Caption-style text data
━━━━

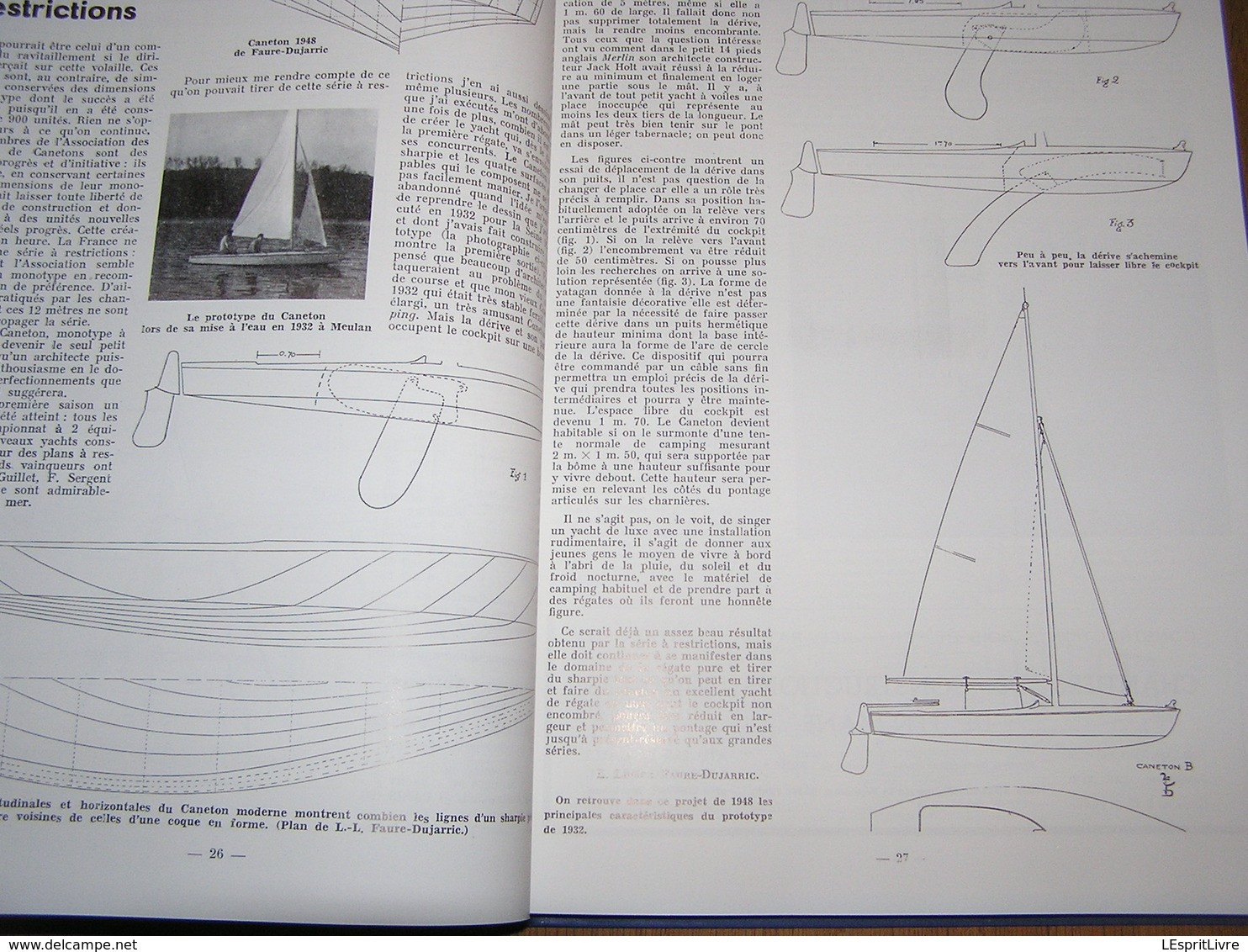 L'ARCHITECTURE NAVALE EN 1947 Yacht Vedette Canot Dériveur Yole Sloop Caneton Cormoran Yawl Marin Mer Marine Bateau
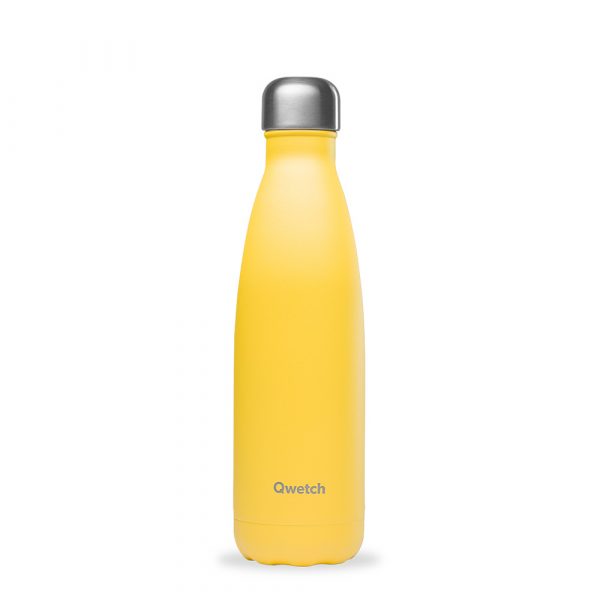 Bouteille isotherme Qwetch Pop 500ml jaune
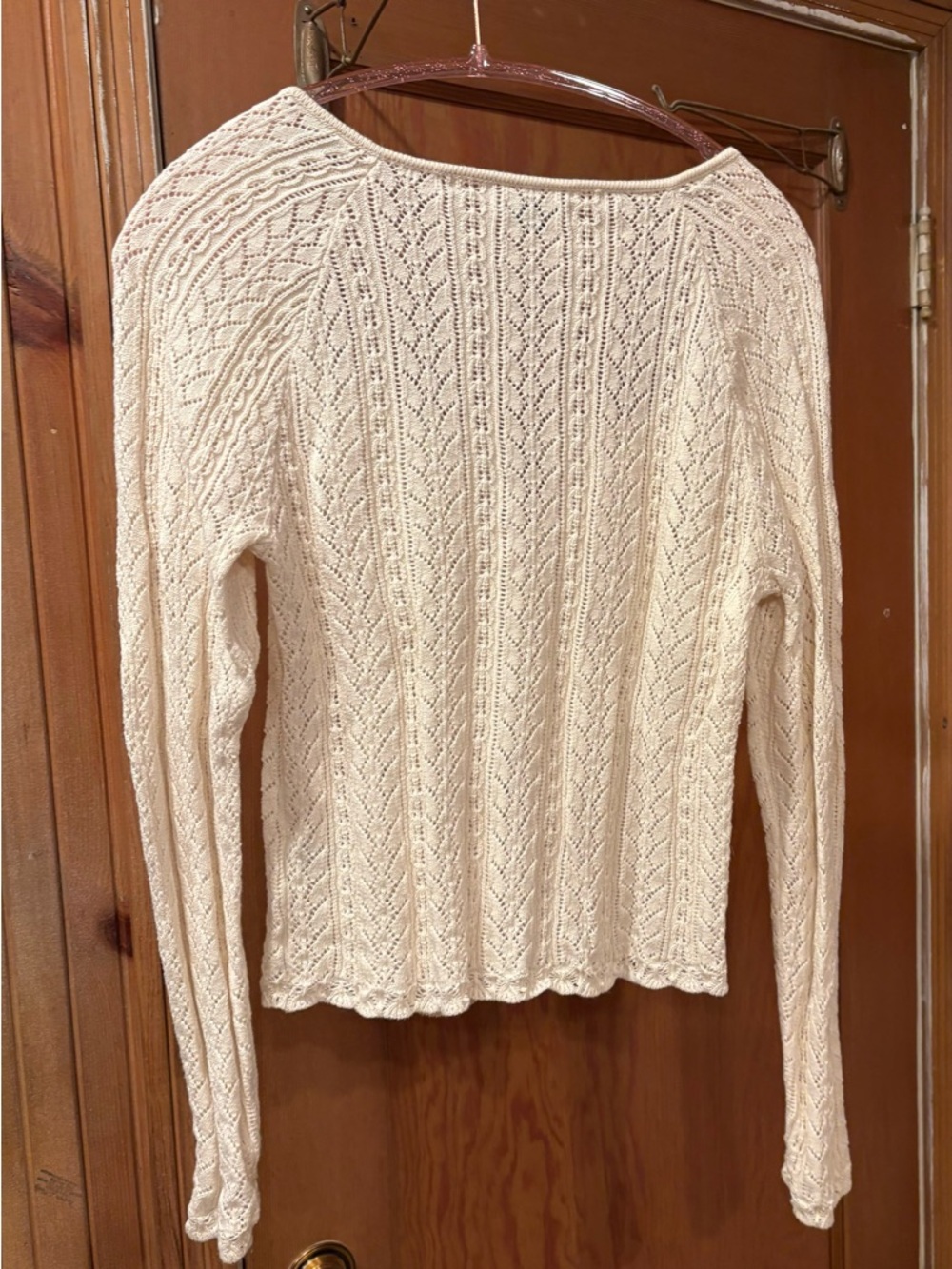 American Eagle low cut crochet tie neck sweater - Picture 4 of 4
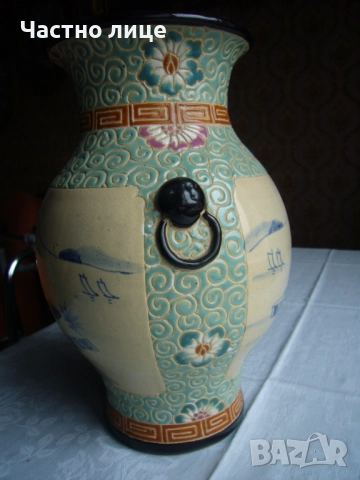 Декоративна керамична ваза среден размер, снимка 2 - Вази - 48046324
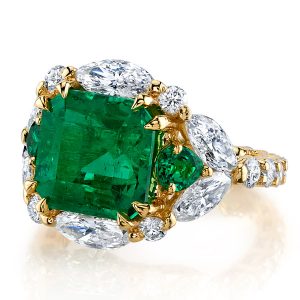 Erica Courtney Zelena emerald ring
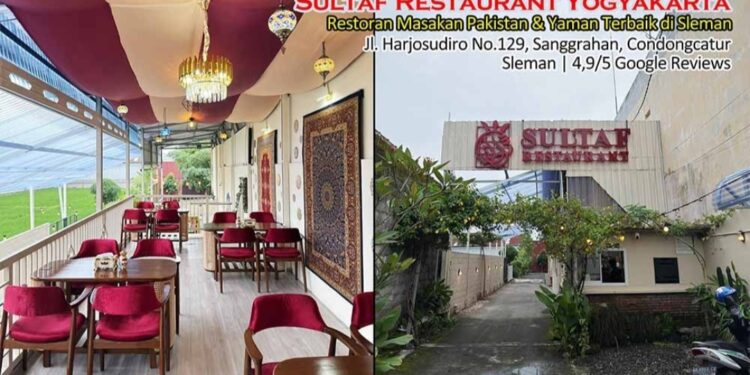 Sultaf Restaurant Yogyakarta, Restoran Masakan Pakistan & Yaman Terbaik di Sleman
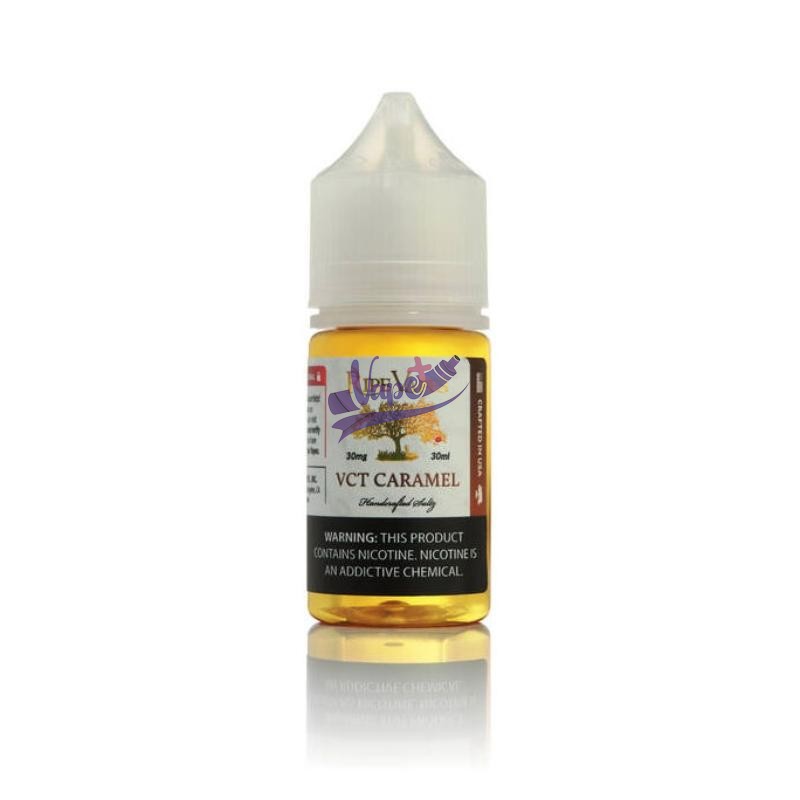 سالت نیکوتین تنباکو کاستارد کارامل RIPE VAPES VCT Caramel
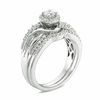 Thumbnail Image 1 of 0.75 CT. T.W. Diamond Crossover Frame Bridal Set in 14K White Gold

━━━━

→ Instructions to follow
Retype, word for word, the lines from the one with "Erica Courtney Zelena emerald ring" through the last line of the entries above, and only those lines. Leave pictures out.

→ Task answer
 Erica Courtney Zelena emerald ring
 Sultaf Restaurant Yogyakarta, Restoran Masakan Pakistan & Yaman Terbaik di Sleman
 سالت نیکوتین تنباکو کاستارد کارامل RIPE VAPES VCT Caramel
 Thumbnail Image 1 of 0.75 CT. T.W. Diamond Crossover Frame Bridal Set in 14K White Gold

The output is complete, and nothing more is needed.